The terms ‘learning disability’ and ‘Down’s syndrome’ should never be a reason for DNACPR decision making, nor used to describe the underlying, or only, cause of death. Learning disability itself is not a fatal condition: death may occur as a consequence of co-occurring physical disorders and serious health events. Every person has individual needs and preferences which must be taken account of, and everyone should always receive good standards and quality of care.

Blanket decision making is never acceptable. Discussions regarding cardiopulmonary resuscitation (CPR) preferences should take place as part of a wider conversation regarding a person’s preferences, wishes and needs related to their future care. It is very important that people are supported to talk about what they want and need if they become seriously ill and when they reach the end of their life. Some people will need reasonable adjustments to be able to have this conversation. 

To support and encourage patients to discuss their individual wishes and concerns regarding their treatment preferences, NHS England published the Universal principles of advanced care planning in March 2022.  High quality personalised decision making is key to eliminating poor and inappropriate practice when considering DNACPR. 

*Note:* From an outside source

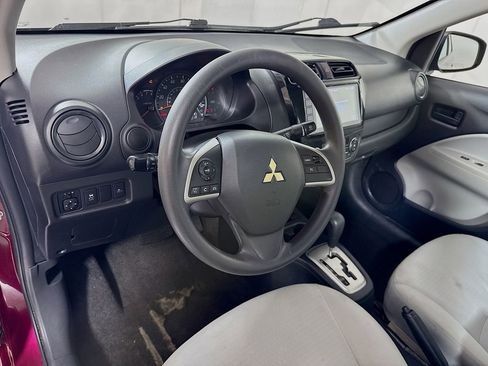 Used 2021 Mitsubishi Mirage G4 LE image 2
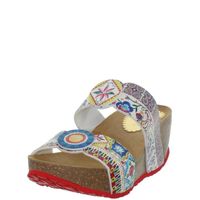 SANDALE - NU-PIEDS Sandales à talon compensé Desigual Cycle Microrapp SANDALE - NU-PIEDS Sandales à talon compensé Desigual Cycle Microrapp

Other Top Tips - practice tips.

THiNK LD campaign

How do I THiNK LD?

Use my mnemonic LEAF.   L is for Learning Disability.   E is for Equality.  A is for Access.  F is for Flexible.    So, in Learning Disabilities, think E, A, F. 

  1. THiNK ACCESS
    Is there anything stopping people with learning disabilities using the service our surgery provide?
  2. THiNK FLEXIBLE
    Can our surgery offer any adjustments that could improve people’s experience?
  3. THiNK EQUALITY
    Will people with learning disabilities have the same outcomes as anyone else?

REASONABLE ADJUSTMENTS

What could be a reasonable adjustment? 

  • Longer appointments? 
  • Quiet end of the day

 The Accessible Information Standard (AIS) 




The NHSE introduced the AIS to help clarify what is reasonable under the Equality Act 2006 to ensure people who have a disability, impairment or sensory loss receive information they can easily read or understand, and get support so they can communicate effectively with health and social care services. It covers patients, their parents and carers.